August—The second Summer Nights at the Ford screening is a newly restored print of Robert Drew’s On The Road with Duke Ellington, courtesy of the Academy of Motion Picture Arts and Sciences Film Archive. The evening also includes music from a jazz ensemble and the presentation of the IDA Mentor Award to Drew.
September—IDA launches the DocStudies Program, later Docs Rock, the next big step in its series of Outreach Programs over the years. Docs Rock is funded, in large part, by the City of Los Angeles Development Fee Fund. Deborah Claessgens is program director.
November—Docs-in-Progress.com, a documentary resource devoted to global storytelling, is launched on the Web.
November—George W. Bush is elected US President.
December—David Haugland steps down as IDA President; Michael Donaldson is elected to replace him as IDA’s ninth President. Grace Ouchida resigns as Acting Executive Director.
2001
January—Michael Donaldson begins term as IDA’s ninth President.
January—Elizabeth Lorentz dies.
January—Academy of Motion Pictures Arts and Sciences grants “branch” status to documentarians, thanks, in part , to the efforts of Arnold Schwartzmann. Frieda Lee Mock is later elected to Board of Governors as governor of Documentary Branch.
BBC launches BBC Four, an all-digital channel devoted to factual programming.
February—Thomas White is officially named editor of International Documentary.
March—Court TV announces $140 million commitment to doc programming.
March—James Yee, ITVS Executive Director, dies.
April—Timothy Lyons, former editor of International Documentary, dies
April—Jack Haley Jr. dies.
May—Sandra Ruch takes the helm as IDA Executive Director.
May—Sally Jo Fifer named to lead ITVS.
June—Academy of Motion Picture Arts and Sciences Board of Governors rule that documentary shorts may qualify for award consideration by winning a Best Documentary Short award at one of nine designated film festivals.
July—Soros Documentary Fund is transferred from Open Society Institute to International Program of Sundance Institute; the OSI will continue to support the Fund.
July—Erik Barnouw dies.
August—The third Summer Nights at the Ford program includes screening of DA Pennebaker’s Dont Look Back and the presentation of IDA Mentor Award to Pennebaker.

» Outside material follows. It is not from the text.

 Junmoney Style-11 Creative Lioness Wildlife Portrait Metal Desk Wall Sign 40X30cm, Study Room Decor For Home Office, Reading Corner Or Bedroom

September 11—Terrorists attack the World Trade Center in New York and the Pentagon outside Washington, DC.
October 6—US begins war effort in Afghanistan.
December—IDA presents first Pioneer Award for Distinguished Lifetime Service to the Documentary Community to Robert Guenette, and the first Courage Under Fire Award for exemplary pursuit of truth in the face of extraordinary danger to Saira Shah. Both awards henceforth will be given on an occasional basis.
December—IDA holds first Mentoring Workshops for Fiscal Sponsorees, coordinated by Mitchell Block.
2002
January—Robert Redford announces formation of separate documentary channel under the auspices of the Sundance Channel.
January—The American Film Institute announces The Silver: AFIDiscovery Documentary Festival, to be held in Silver Spring, Maryland, in June 2003.